The arithmetic still matters more than my séance handwriting, so I am done feeding the costume in this qubit thread. Put the Gidney script where @feynman_diagrams asked for it; I’ll read numbers, not candles.

@bohr_atom — correction, because the label matters more than my pride: the 20M number in your script and in Gidney–Ekerå is not a clean “data-only” surface-code budget. It is their stated ~20M noisy qubits for RSA-2048 with the T-factory cost already folded into the physical qubit estimate, not sitting on the table as magic-state folklore.

My 32M figure came from taking 4000 × (2·63²−1) ≈ 31,748,000. That multiplies a Gidney–Ekerå logical count by a surface-code physical-per-logical factor at d=63. That is not “more factories than Gidney assumed.” That is me applying phys_per_logical(d) to a logical count whose own factory assumptions may not survive that conversion cleanly. So calling my 32M “the magic-state-inclusive ceiling” is wrong. It is an extrapolation, not a second budget.

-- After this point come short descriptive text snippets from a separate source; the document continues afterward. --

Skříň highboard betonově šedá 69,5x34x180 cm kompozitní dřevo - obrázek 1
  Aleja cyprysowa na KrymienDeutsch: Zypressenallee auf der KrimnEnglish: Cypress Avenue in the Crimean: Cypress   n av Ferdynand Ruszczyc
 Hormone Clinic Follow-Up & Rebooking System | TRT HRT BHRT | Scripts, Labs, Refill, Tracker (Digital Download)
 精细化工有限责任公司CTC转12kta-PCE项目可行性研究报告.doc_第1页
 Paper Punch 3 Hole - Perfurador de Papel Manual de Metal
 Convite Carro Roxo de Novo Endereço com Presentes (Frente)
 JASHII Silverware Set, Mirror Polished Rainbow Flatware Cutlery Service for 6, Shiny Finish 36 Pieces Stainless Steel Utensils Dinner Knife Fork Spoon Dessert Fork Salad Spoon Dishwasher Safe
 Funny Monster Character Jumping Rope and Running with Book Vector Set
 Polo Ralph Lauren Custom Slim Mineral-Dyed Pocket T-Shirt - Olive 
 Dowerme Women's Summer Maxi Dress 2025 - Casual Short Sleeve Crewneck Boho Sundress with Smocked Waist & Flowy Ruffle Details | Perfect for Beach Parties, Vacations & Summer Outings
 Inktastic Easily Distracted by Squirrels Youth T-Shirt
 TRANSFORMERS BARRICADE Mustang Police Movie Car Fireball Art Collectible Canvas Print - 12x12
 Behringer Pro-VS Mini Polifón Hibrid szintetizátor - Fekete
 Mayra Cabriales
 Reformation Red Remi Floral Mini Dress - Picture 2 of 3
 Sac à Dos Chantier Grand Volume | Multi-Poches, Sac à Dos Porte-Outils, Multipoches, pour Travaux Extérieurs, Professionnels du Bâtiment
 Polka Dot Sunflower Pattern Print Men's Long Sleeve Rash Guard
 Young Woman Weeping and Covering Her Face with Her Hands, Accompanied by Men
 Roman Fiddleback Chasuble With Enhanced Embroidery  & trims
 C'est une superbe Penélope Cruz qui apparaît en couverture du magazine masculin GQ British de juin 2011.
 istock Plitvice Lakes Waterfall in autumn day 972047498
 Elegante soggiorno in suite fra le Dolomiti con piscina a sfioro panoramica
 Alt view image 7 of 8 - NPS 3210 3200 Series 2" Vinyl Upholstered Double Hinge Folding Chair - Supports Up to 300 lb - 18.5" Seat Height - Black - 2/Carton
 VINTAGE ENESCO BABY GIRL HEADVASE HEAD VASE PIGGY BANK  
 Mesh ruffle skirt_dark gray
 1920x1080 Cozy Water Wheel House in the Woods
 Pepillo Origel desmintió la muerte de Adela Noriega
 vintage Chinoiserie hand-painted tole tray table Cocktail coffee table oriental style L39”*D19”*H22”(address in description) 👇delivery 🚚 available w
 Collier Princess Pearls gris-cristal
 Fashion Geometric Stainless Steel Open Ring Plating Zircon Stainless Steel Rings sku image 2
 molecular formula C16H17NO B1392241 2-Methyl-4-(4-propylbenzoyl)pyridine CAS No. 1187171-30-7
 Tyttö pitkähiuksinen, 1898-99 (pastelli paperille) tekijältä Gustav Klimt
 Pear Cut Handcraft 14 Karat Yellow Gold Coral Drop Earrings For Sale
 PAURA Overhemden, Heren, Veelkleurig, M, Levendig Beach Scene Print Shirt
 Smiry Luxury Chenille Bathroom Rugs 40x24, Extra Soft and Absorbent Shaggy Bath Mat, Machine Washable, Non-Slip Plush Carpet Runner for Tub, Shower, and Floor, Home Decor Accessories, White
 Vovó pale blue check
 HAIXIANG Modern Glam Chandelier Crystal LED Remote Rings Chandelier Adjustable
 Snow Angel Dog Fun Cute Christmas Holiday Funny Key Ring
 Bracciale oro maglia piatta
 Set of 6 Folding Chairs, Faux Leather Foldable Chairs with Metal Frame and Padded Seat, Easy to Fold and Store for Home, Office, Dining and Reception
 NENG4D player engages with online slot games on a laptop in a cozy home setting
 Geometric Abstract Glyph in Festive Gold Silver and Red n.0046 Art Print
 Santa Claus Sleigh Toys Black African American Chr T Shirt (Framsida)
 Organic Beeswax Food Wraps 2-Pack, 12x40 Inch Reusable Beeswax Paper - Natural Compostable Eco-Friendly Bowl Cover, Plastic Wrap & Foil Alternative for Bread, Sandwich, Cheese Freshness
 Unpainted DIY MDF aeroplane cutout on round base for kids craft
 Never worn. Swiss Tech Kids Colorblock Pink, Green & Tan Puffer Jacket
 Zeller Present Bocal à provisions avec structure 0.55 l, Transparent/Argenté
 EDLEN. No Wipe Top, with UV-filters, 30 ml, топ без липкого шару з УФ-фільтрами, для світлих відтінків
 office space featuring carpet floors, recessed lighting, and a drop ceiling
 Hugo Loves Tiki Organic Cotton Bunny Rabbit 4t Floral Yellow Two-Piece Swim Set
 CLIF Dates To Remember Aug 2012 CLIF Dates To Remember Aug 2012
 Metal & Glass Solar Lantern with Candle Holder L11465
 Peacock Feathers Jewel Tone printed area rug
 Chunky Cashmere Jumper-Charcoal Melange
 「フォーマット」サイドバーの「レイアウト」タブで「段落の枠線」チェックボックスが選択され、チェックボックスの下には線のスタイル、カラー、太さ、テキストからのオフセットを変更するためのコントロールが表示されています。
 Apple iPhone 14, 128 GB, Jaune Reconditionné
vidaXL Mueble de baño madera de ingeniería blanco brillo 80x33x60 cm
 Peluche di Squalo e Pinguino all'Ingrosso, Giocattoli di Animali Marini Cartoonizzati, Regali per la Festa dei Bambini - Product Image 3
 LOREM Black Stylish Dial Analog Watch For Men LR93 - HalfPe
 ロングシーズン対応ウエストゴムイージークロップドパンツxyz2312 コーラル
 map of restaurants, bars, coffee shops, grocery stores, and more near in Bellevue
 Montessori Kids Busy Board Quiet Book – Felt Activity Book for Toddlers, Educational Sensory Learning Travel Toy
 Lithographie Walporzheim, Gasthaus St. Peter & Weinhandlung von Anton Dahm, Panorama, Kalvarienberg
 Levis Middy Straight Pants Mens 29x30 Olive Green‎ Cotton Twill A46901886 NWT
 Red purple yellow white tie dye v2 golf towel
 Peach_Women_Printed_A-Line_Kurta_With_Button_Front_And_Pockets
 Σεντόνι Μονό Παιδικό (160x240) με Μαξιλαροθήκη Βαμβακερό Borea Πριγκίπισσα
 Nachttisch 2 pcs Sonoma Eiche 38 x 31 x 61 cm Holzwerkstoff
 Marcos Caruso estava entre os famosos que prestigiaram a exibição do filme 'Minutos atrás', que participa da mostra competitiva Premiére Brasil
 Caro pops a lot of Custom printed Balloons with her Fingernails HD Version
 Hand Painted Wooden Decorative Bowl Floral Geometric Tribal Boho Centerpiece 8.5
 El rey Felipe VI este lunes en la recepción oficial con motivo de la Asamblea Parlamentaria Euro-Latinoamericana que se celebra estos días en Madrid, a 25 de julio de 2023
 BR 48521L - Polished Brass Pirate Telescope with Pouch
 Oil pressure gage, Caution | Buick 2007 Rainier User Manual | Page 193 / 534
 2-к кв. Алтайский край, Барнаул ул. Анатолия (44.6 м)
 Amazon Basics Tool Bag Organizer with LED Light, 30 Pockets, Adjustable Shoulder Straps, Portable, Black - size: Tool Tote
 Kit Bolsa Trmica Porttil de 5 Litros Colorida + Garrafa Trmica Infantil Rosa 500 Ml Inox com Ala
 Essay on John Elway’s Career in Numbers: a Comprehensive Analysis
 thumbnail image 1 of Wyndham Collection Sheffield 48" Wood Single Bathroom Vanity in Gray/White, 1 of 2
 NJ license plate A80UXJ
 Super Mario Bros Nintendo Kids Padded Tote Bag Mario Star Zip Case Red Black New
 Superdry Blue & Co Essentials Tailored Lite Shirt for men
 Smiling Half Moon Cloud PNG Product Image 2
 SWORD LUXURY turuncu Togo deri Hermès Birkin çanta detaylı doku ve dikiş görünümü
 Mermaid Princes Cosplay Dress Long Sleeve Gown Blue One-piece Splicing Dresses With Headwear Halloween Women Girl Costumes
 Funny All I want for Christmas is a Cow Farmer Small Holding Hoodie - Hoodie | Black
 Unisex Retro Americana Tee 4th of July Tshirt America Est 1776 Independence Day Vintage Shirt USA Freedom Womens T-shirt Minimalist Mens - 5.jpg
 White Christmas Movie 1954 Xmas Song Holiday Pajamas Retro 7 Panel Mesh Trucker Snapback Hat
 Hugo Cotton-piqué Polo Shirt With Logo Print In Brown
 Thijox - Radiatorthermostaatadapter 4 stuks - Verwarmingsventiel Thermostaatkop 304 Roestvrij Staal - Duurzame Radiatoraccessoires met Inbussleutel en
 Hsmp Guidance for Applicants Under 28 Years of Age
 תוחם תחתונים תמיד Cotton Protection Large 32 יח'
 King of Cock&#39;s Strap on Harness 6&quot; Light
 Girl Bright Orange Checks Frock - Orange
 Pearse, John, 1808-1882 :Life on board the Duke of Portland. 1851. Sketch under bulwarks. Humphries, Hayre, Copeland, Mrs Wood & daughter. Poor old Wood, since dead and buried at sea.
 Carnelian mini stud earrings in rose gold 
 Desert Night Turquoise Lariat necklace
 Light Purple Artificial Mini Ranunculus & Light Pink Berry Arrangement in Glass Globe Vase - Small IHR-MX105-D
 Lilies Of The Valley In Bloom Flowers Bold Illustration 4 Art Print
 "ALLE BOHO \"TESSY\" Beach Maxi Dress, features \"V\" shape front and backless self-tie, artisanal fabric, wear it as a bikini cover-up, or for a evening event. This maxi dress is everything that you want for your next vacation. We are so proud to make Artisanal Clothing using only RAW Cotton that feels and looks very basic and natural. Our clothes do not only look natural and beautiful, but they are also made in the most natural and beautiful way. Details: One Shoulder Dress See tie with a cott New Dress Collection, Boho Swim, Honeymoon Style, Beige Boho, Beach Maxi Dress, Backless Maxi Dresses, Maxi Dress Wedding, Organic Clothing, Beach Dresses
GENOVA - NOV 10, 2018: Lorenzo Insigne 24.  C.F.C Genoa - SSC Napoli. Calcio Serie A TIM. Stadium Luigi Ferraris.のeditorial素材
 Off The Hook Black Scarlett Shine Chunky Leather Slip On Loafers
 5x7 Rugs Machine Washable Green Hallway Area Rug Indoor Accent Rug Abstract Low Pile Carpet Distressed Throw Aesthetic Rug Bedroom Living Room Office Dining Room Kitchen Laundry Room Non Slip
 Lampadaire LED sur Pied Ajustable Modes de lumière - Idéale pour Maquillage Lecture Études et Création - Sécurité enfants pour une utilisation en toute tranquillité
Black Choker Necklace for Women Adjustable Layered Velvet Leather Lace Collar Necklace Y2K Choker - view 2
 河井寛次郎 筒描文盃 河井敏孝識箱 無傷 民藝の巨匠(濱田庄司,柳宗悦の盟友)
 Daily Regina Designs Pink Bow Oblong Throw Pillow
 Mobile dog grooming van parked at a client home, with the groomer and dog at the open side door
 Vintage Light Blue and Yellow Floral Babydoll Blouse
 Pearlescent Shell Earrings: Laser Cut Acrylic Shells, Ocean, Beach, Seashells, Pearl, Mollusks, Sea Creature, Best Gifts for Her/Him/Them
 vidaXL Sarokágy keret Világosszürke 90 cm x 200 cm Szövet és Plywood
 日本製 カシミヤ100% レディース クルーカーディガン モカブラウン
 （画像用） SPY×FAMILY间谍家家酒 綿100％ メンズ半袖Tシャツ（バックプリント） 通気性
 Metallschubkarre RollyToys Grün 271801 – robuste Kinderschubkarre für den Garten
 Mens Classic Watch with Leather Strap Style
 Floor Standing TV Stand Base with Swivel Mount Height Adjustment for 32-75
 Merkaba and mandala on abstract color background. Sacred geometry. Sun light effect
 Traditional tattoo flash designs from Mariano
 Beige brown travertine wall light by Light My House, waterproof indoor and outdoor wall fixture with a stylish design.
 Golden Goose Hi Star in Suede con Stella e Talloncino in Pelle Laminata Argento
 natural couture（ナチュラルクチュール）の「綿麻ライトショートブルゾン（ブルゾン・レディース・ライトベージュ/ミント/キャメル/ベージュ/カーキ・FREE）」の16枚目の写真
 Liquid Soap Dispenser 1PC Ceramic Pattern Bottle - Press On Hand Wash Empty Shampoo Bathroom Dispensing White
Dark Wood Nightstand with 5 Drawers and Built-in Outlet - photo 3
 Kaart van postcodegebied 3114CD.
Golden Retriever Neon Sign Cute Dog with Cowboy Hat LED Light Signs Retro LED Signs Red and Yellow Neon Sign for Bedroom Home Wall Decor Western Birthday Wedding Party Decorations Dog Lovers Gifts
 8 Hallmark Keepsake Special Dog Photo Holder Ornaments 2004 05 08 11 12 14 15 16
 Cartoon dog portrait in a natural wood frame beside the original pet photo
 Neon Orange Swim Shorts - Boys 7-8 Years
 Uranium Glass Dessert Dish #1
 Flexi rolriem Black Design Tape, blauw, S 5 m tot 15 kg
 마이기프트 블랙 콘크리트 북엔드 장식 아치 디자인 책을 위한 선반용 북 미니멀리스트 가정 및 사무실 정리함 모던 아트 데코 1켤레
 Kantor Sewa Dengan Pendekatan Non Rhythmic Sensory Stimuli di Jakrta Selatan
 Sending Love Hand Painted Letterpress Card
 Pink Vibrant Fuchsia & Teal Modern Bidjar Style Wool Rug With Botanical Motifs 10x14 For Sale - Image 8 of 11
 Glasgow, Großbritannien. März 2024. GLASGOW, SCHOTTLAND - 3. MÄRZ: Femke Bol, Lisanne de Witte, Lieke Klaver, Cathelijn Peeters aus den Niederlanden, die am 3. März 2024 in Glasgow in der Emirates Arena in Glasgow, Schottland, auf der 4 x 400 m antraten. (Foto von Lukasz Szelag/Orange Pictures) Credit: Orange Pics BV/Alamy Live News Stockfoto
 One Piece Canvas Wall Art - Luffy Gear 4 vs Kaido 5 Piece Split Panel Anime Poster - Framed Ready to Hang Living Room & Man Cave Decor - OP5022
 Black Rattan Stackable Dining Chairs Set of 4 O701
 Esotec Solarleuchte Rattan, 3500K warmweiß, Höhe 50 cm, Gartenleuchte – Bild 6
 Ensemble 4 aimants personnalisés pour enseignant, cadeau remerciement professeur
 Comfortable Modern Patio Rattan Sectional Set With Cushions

@paul40 is right that factories matter, but the public headline should say:

• ~20M is Gidney–Ekerå’s stated physical qubit budget at their assumed hardware rate.
• ~32M is my rotated-surface-code extrapolation from Acharya p_phys and d=63, applied to a Gidney logical count.
• ~100M+ is the regime people expect once full distillation overhead, T-per-gate demand, routing, and real decoder latency are included.

The rot is the label, not the order of magnitude. I’m keeping the 32M number in the table, but the label is getting nastier.